FIG. 11 shows another embodiment which enables, when desired, to display white and black pictures of varied tones on the color picture tube 38c shown in FIG. 10. Normally, the three digital bit signals b1, b2 and b3 from the line buffer 39 are applied to color picture tube 38c via a transfer switch 51 to display color pictures as has been described in connection with FIG. 10. When the transfer switch 51 is thrown to the side of a decoder 50, three types of signals having magnitudes determined by the combinations of three bit digital signals b1, b2 and b3 are sent to the electron guns of the color picture tube 38c from decoder 50 so as to display white and black pictures whose tones are varied in eight steps on the display screen of the color picture tube 38c. The transfer switch 51 may have a construction as shown in FIG. 12 and includes a switch element 52.

In a modification shown in FIG. 13, both white and black picture tube 38 and color picture tube 38c are used for simultaneously displaying a white and black picture and a color picture. The outputs from the line buffer 39 are applied to the white and black picture tube 38 via the digital-analogue converter 40 in a manner similar to FIG. 1, and also applied directly to the color picture tube 38c.

In the foregoing description, it was assumed that pulse generator 2 shown in FIG. 1 provides an output of a definite frequency (hence, pulse generator 34 also provides an output of a definite frequency) and that the scanning range extends from point P to point Q shown in FIG. 2. With this arrangement, however, as the scanning range is fixed, it is impossible to make fine diagnosis in a wider or narrower ranger. However, such disadvantage can be overcome by adding a plurality of trigger signal sources of different frequences to the timing circuit 1 as shown in FIG. 9 and by selectively connecting to the pulse generator 2 a trigger signal source having a desired frequency. As can be noted from the circuit construction shown in FIG. 1, since the outputs of pulse generators 34 and 2 have a definite frequency relationship, it is possible to magnify or reduce the scanning ranges in the directions A and B (see FIG. 2) at the same ratio thereby providing the same magnifying and reducing functions to that of the zoom lens utilized in a photographic camera.

For example, assume that the scanning or diagnosis ranges in the directions A and B (see FIG. 2) are reduced to one half, respectively. Firstly, with respect to direction A, while the transducer 4 scans a range A/2, the pulse generator 2 is required to produce M pulses for transmitting the ultrasonic wave for M times. Assuming that the speed of travel of the transducer 4 is not varied, it is necessary to double the frequency of the output pulse from the pulse generator 2. In the same manner, with respect to direction B, it is also necessary to divide the range B/2 by N pulses.
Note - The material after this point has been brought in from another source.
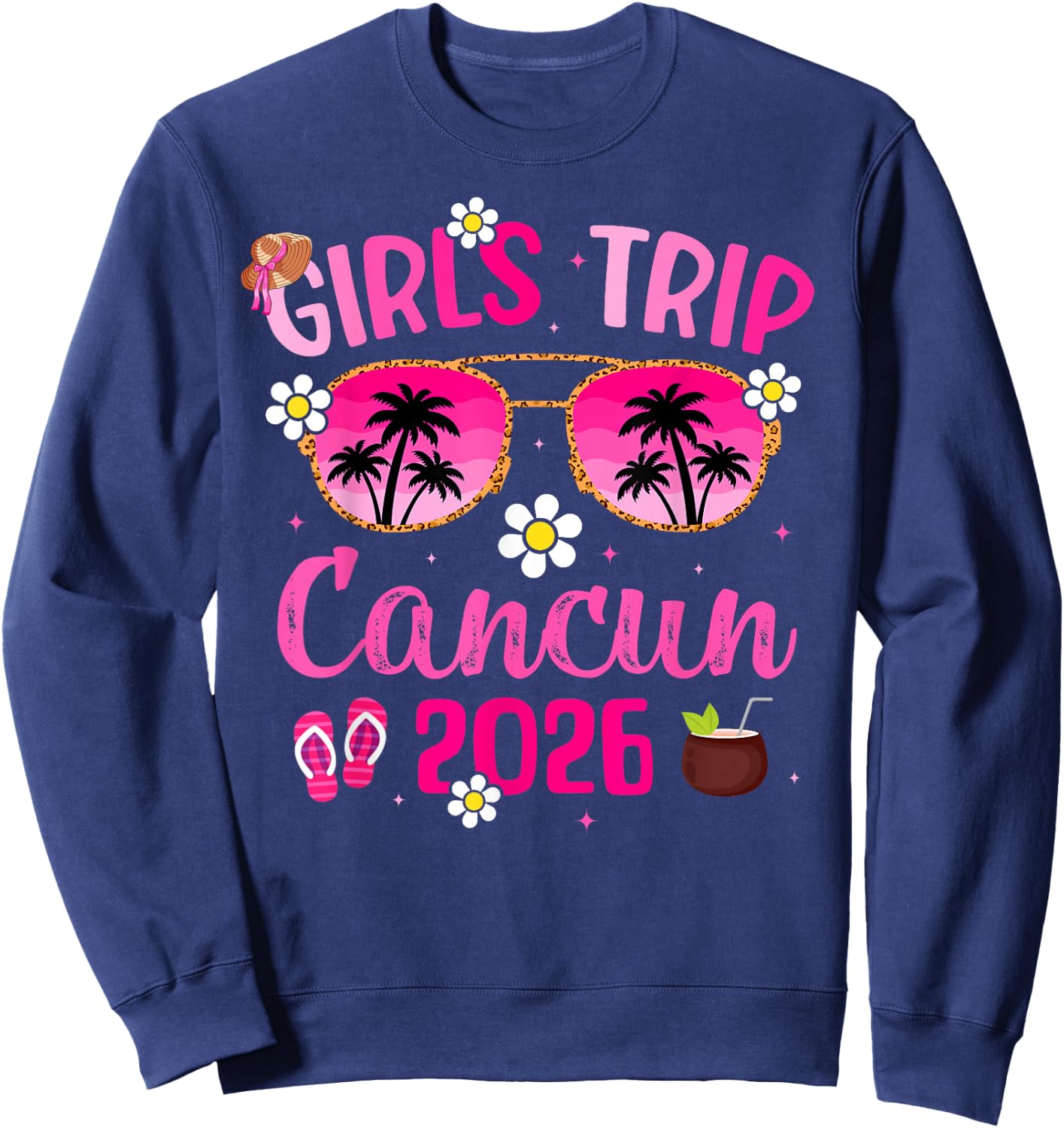 Girl’s Trip Cancun 2026 Besties Cancun, Mexico Vacation Sweatshirt - Sweatshirt | Navy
However, since the frequency of the pulse sent to pulse generator 34 from pulse generator 2 has been doubled, the output frequency of the pulse generator 34 will be increased to 2N. For this reason, it is necessary to reduce the frequency of the input pulse to one half by the pulse generator 34. Then the image of the one-fourth area will be displayed on the same screen of the picture tube whereby the picture is magnified by a factor of 4 thus enabling a fine and accurate diagnosis.

Claims

What is claimed is:

1. In ultrasonic diagnostic apparatus of the type including an ultrasonic wave transducer for transmitting an ultransonic wave toward an object to be examined and for converting the ultrasonic wave reflected by said object into an electric signal; and television means responsive to the electric signal for displaying the image of said object;

the improvement comprising:

means for energizing said ultrasonic wave transducer;

means for moving said transducer along said object;

means for producing a position signal representing the position of said transducer;

said means for energizing said ultrasonic wave transducer including a first pulse generator for generating a pulse signal in response to said position signal, means driven by the output pulse from said first pulse generator for forming an ultrasonic oscillation signal, and means for applying said ultrasonic oscillation signal to said ultrasonic wave transducer;

a receiver for receiving the output signal from said transducer;

an analogue-digital converter for converting an analogue output from said receiver into a digital signal;

a data buffer means for storing the output from said converter;

a line buffer means for temporarily storing line data of the quantity corresponding to one horizontal scanning line of a television set, said line data being read out from said data buffer means;

means for converting the output signal from said line buffer means into a signal suitable to be displayed on said televison means; and

said television means including television display means responsive to the output from said signal converting means for displaying the image of said object.

2. The ultrasonic diagnostic apparatus according to claim 1 wherein said receiver comprises a preamplifier for amplifying the output signal from said ultrasonic wave transducer, a gain control unit for controlling the gain of said preamplifier, a time gain control unit for controlling the operation of said gain control unit, a high frequency amplifier for amplifying the output from said preamplifier, and means to detect the output from said high frequency amplifier for deriving out an image signal.

3. The ultrasonic diagnostic apparatus according to claim 2 wherein said data buffer means comprises a delay circuit for delaying the pulse signal from said first pulse generator for a predetermined period of time, a second pulse generator operated by the output from said delay circuit, an AND gate circuit connected to receive the output from said second pulse generator as a gate signal for sampling the output from said analogue-digital converter, and a data buffer memory for sucessively storing the outputs from said AND gate circuit in predetermined addresses in accordance with the movement of said transducer.

4. The ultrasonic diagnostic apparatus according to claim 1 wherein said means for moving said ultrasonic wave transducer along said object comprises a threaded feed rod disposed along one side of said object, an internally threaded support engaging said feed rod to be moved therealong, said support supporting said transducer; and wherein said means for producing said position signal comprises a contact piece carried by said support, and a plurality of contacts disposed along said feed rod to be successively engaged by said contact piece as said transducer is moved, thereby producing position signals.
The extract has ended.